Archive for June, 2011
Elizabeth Broderick spoke this week at The Sydney Institute on the pervasive issue of age discrimination and confirmed that from July 2011 there will be an inaugural, dedicated Age Discrimination Commissioner in Australia.
Elizabeth shared stories gathered throughout her term with AHRC from mature workers not given a ‘fair go’; reviewed the positive changes and reforms that have taken place in recent years; and talked about the development of a Convention on the Rights of Older People.
A binding convention will recognise the fundamental human rights and freedoms of older people globally. A convention will open up a space for the voices of older people to be heard – for older people themselves to be the architects of their own destinies.
Elizabeth reflected on a personal story of her father, when hearing ‘exclusive language’ being used, asks “Where’s the evidence?”.
A question that organisations and recruitment agencies across Australia should be asking when it comes to the recruitment and career opportunities of mature workers.
One thing is for sure, Elizabeth Broderick has paved the way for a ‘community where when we speak about human rights, age equality is front and centre’.
7586. That is how many years of experience and knowledge were in the room on Tuesday morning at Parliament House.
250 senior executives and sages from the NSW Public Sector met for the inaugural mature professionals breakfast convened by Department of Premiers and Cabinet, IPAA NSW and SageCo.
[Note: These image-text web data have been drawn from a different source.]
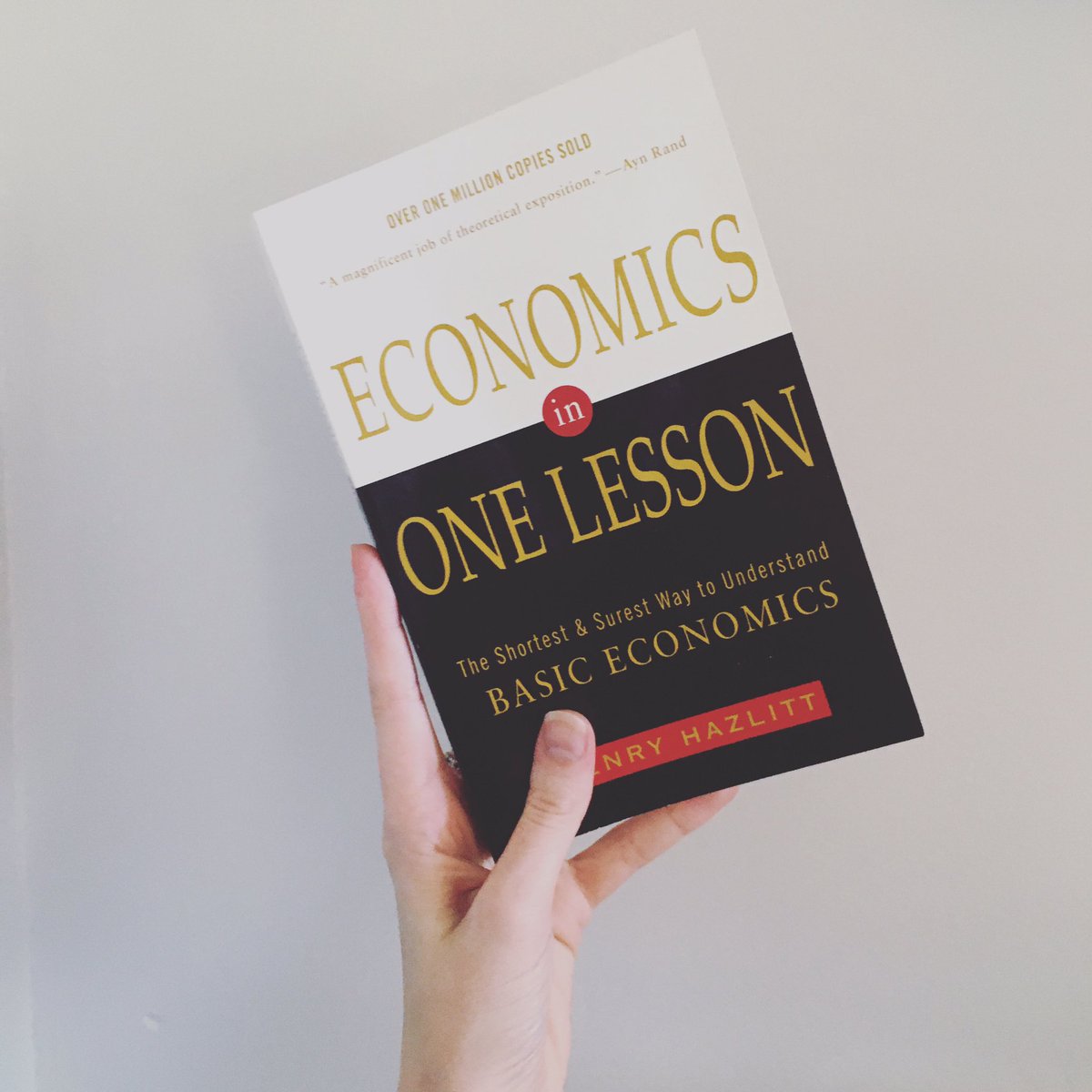 Day 3 : Economics in One Lesson by Henry Hazlitt (to fight zombie ideas)“The art of economics consists in looking not merely at the immediate but at the longer effects of policy; it consists in tracing the consequences of that policy not merely for one group but for all groups”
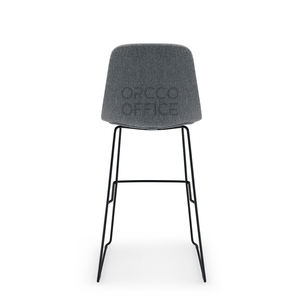 Дизайн, Офисная домашняя кухня, кофейня, кафе, полипропиленовая цветная ткань, мягкое сиденье, современный металлический каркас, высокий барный стул - Product Image 2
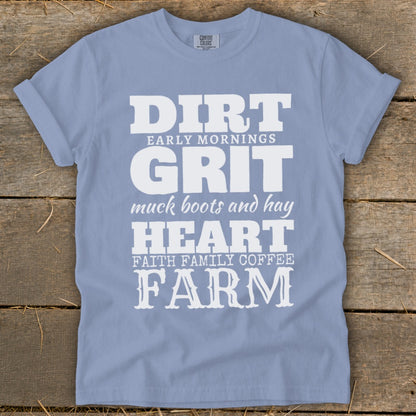 Dirt Grit Heart Farm Signature Tee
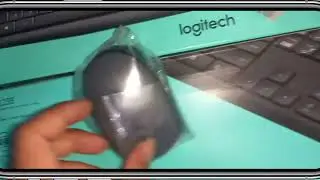 Logitech MK235 Durable,Simple,Wireless, Keyboard and Mouse Combo,Logitech M331 Silent Mouse,Unbxoing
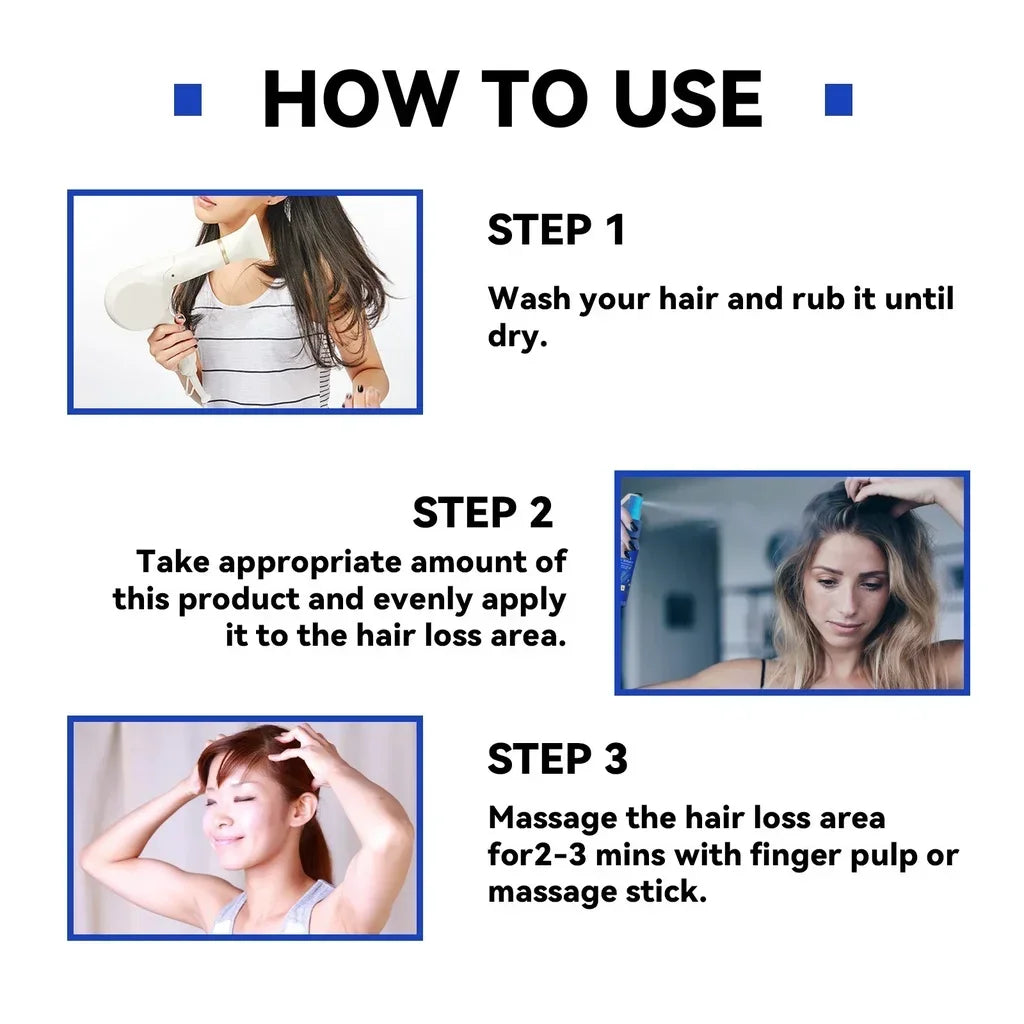 Ginger Hair Growth spray Anti Fall Loss Treatment Essence Oil for Men Women hair treatment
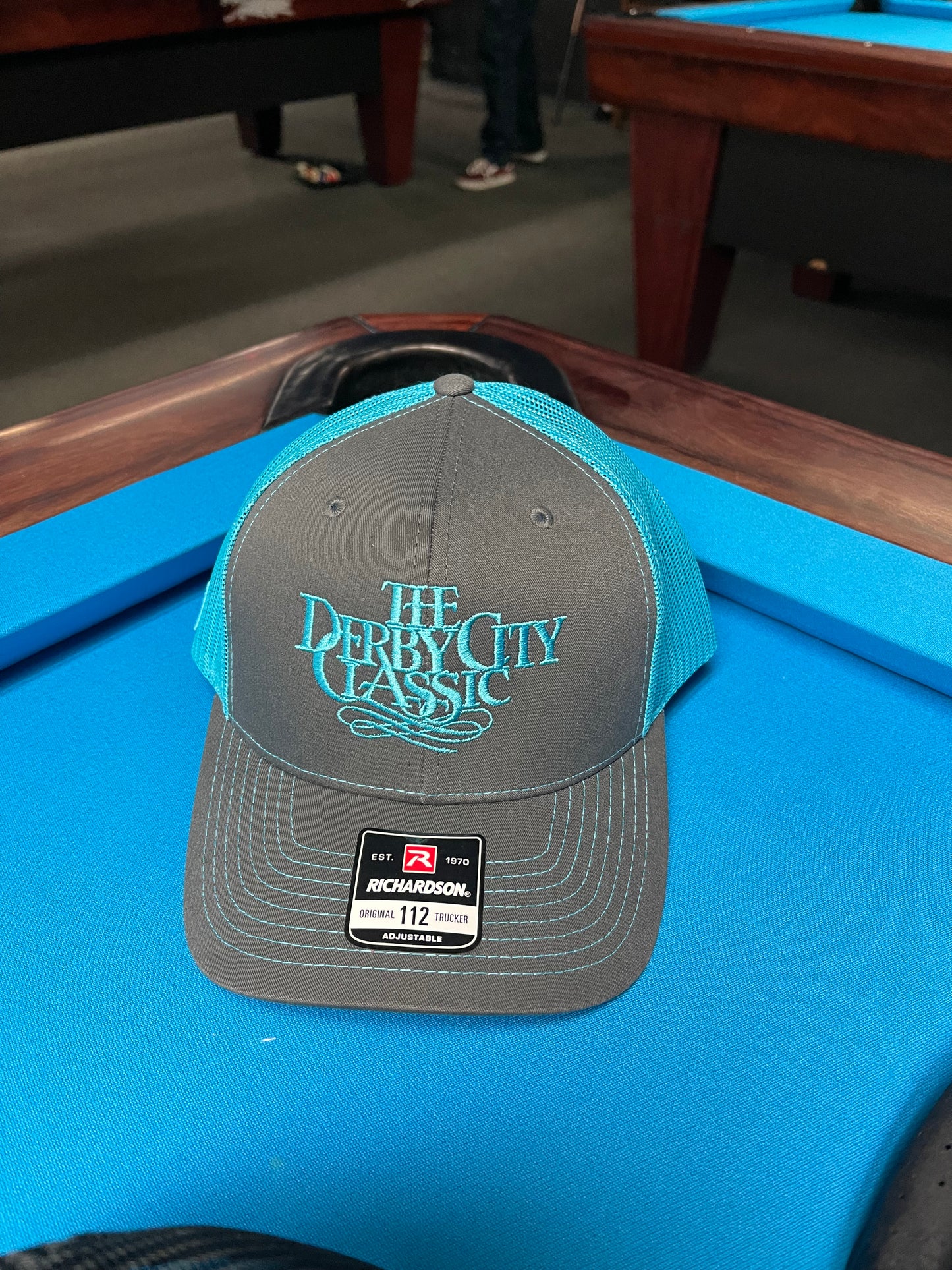 THE DERBY TRUCKER HAT- EMBROIDERED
Opening the breakfast, Director General of DPC, Chris Eccles said;
You all possess knowledge that has influenced and will continue to influence how we will do things in the Sector going forward. Every day this rich knowledge is harnessed to deliver services. This knowledge is not in policy guidelines and manuals…it goes beyond the ‘what’ to the ‘how’ and the ‘why’…
The Director General went on to encourage a return to the Master and Apprentice model, adding;
When you share knowledge, the very act allows you to gain unique insights and develop new knowledge from others. Share it and it will multiply.
We also heard from Ken, a retiree with 43 years service in the Public Sector. A ‘master’ who, with a colleague, wrote a software system that is now sold in over 100 countries around the World. Ken has worked with his ‘apprentices’ to identify and share his unique knowledge since 2008.
Participants at the breakfast engaged in conversation, created new connections, and identified their areas of specialist ‘mastery‘ – a very tangible first step in igniting a knowledge sharing culture within the Sector.
Hats off to DPC for leading the way in tackling the very real risk of knowledge loss in NSW.